The most important consideration in determining treatment strategies for undifferentiated early gastric cancer (UEGC) is the risk of lymph node metastasis (LNM). Therefore, identifying a potential biomarker that predicts LNM is quite useful in determining treatment.

AIM

To develop a machine learning (ML)-based integral procedure to construct the LNM gray-level co-occurrence matrix (GLCM) prediction model.

METHODS

We retrospectively selected 526 cases of UEGC confirmed through pathological examination after radical gastrectomy without endoscopic treatment in four tertiary hospitals between January 2015 to December 2021. We extracted GLCM-based features from grayscale images and applied ML to the classification of candidate predictive variables. The robustness and clinical utility of each model were evaluated based on the following factors: Receiver operating characteristic curve (ROC), decision curve analysis, and clinical impact curve.

RESULTS

GLCM-based feature extraction significantly correlated with LNM. The top 7 GLCM-based factors included inertia value 0° (IV_0), inertia value 45° (IV_45), inverse gap 0° (IG_0), inverse gap 45° (IG_45), inverse gap full angle (IG_all), Haralick 30° (Haralick_30), Haralick full angle (Haralick_all), and Entropy. The areas under the ROC curve (AUCs) of the random forest classifier (RFC) model, support vector machine, eXtreme gradient boosting, artificial neural network, and decision tree ranged from 0.805 [95% confidence interval (CI): 0.258-1.352] to 0.925 (95%CI: 0.378-1.472) in the training set and from 0.794 (95%CI: 0.237-1.351) to 0.912 (95%CI: 0.355-1.469) in the testing set, respectively. The RFC (training set: AUC: 0.925, 95%CI: 0.378-1.472; testing set: AUC: 0.912, 95%CI: 0.355-1.469) model that incorporates Entropy, Haralick_all, Haralick_30, IG_all, IG_45, IG_0, and IV_45 had the highest predictive accuracy.

CONCLUSION

The evaluation results indicate that the method of selecting radiological and textural features becomes more effective in the LNM discrimination against UEGC patients. Additionally, the ML-based prediction model developed using the RFC can be used to derive treatment options and identify LNM, which can hence improve clinical outcomes.
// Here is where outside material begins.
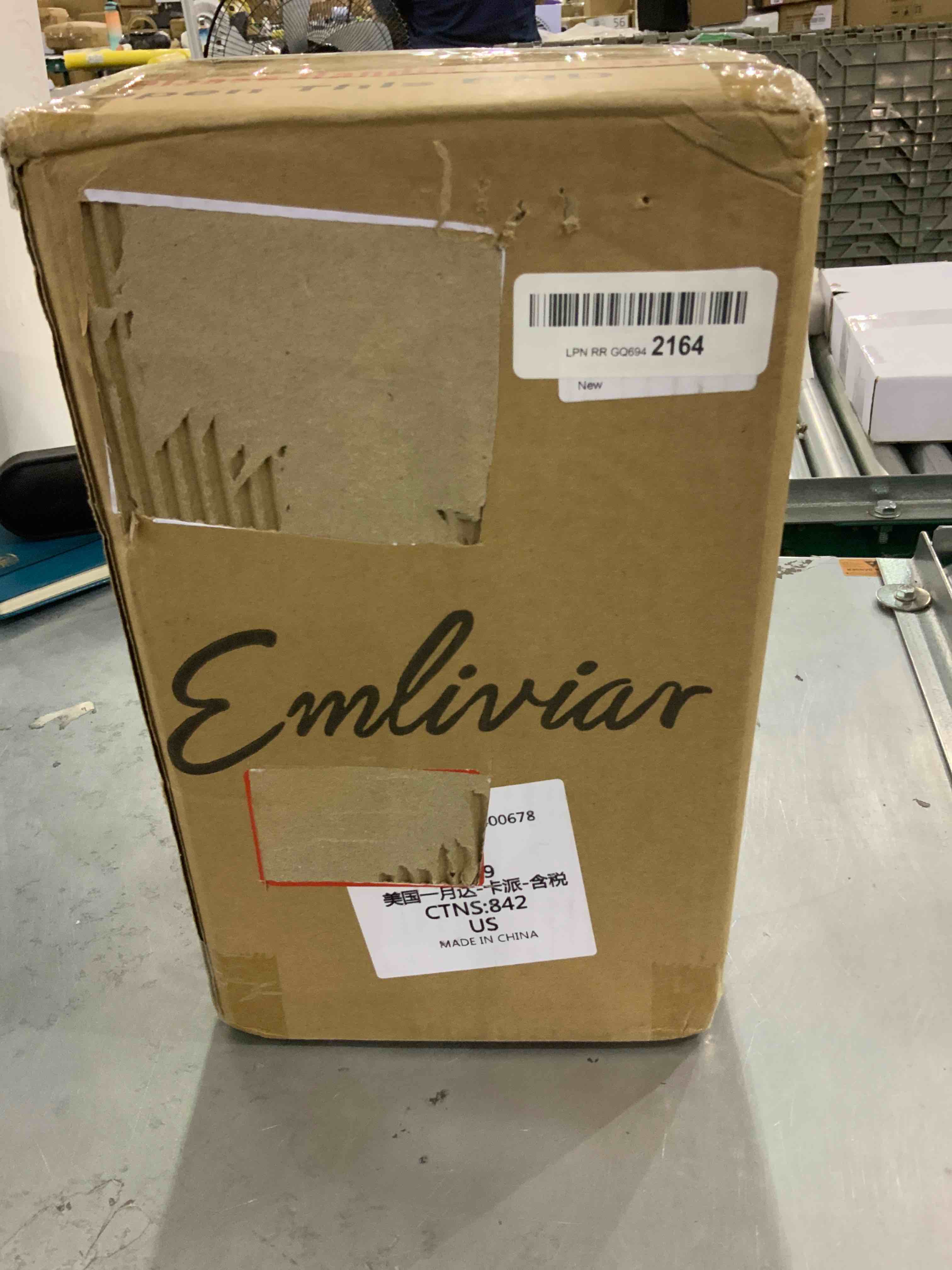 https://s3.amazonaws.com/lotting-images-prod/bidfta/EXS00397536_1691410034548.jpeg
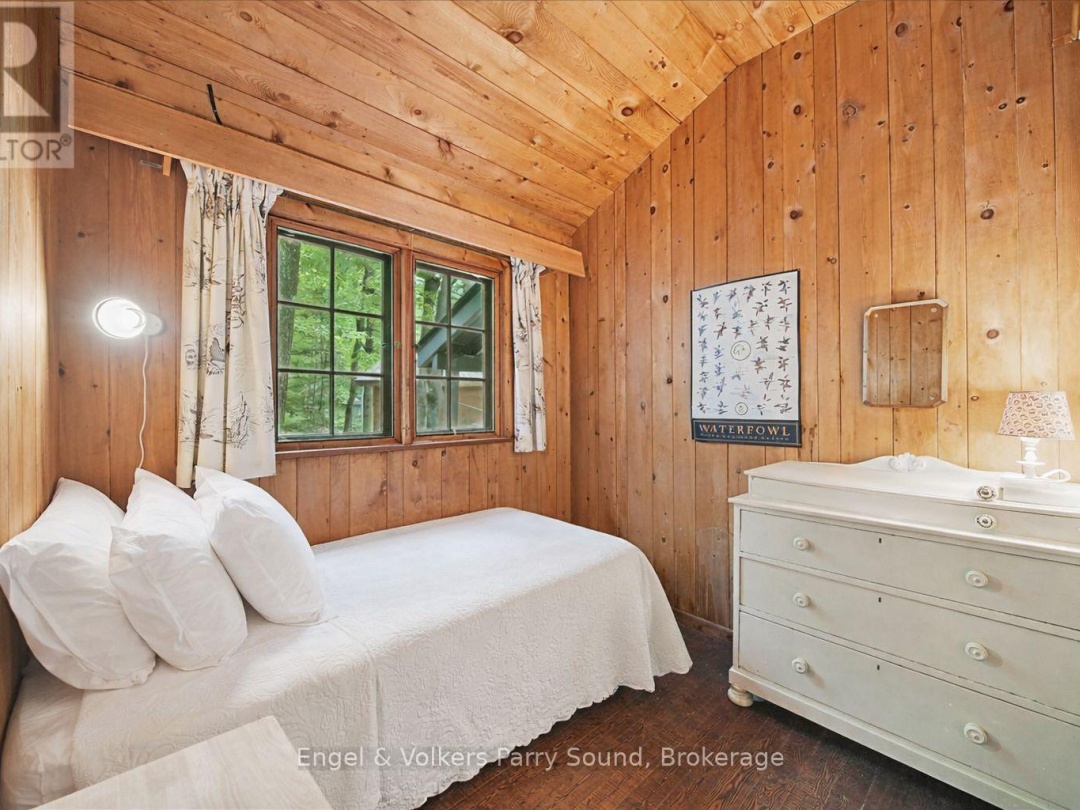 53 BIRDWOOD LANE, Harris Lake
Keywords: Undifferentiated early gastric cancer, Machine learning, Lymph node metastasis, Gray-level co-occurrence matrix, Feature selection, Prediction

Core Tip: Gray-level co-occurrence matrix-based feature extraction can be a robust and promising tool to improve the efficiency in predicting lymph node metastasis of individual undifferentiated early gastric cancer patients. Additionally, machine learning adopts more optimized algorithms and more clear feature extraction. Models developed using random forest classifier have the highest predictive accuracy in terms of Entropy, Haralick full angle, Haralick 30°, inverse gap full angle, inverse gap 45°, inverse gap 0°, and inertia value 45°. Further research is required to develop these models for clinical practice.